It’s always a surprise to me when people–parents, friends, anyone, really–fail to set limits for themselves or for their children — or for anyone in their lives. They “put up with” some of the rudest, most unhealthy behavior, often claiming it’s in the name of love, or helping, or some other excuse. It’s astonishing how many people don’t see how their failure to set limits simply enables the other person to continue their own unhealthy behavior ad infinitum.
Enablers do a lot of damage in the name of love.
What is “enabling?” It’s removing the natural consequences of a behavior.
So when I ran across this explanation of enabling I knew I wanted to share it far and wide:
People who “enable” tend to see their behavior as an expression of devotion. But enabling is its own form of dysfunction because the enabler is avoiding the discomfort that results from saying “no.” It is … a function of being afraid and insecure.
This makes a lot of sense. The enablers I know are people-pleasers, folks who just can’t say “no.” They think they’re “being nice” but the fact is, they’re hurting the person they are enabling. Enabling parents (and I do know some of those) do more harm than they can even imagine because children of any age need to know that adult life requires dealing with limits. When none are set, maturation is stunted.
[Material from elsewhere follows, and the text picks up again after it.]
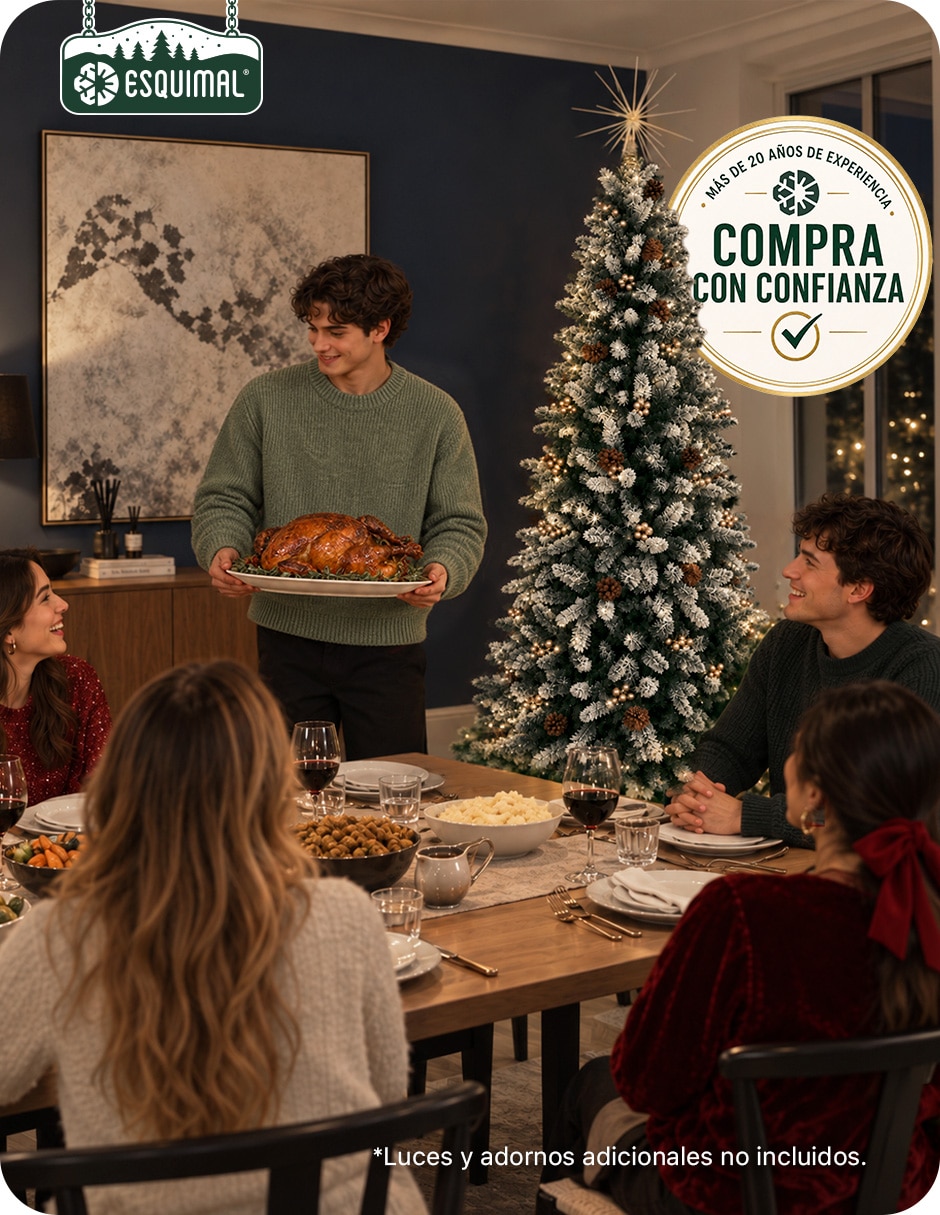 Árbol de navidad Berries doradas + piñas con ramas mixtas de pvc 4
It’s hard to be an adult if you’ve been catered to for most of your life.
Dickinson says enabling is rooted in being afraid and insecure, and while I’d never thought of it that way, I think she’s right.
Are you an enabler? Here are the the top signs that you are:
- You take over the other person’s responsibilities when s/he doesn’t do them.
- In an attempt to “keep the peace” and avoid conflict you don’t confront the issue.
- You don’t say “no.”
- You ignore and endure their behavior.
- You make excuses for them.
- You put your own needs aside so they can do what they want.
- You don’t allow them to face the consequences of their behavior.
Most enablers fail to recognize that thin line between helping and enabling.
So, are you an enabler? Do you know any enablers?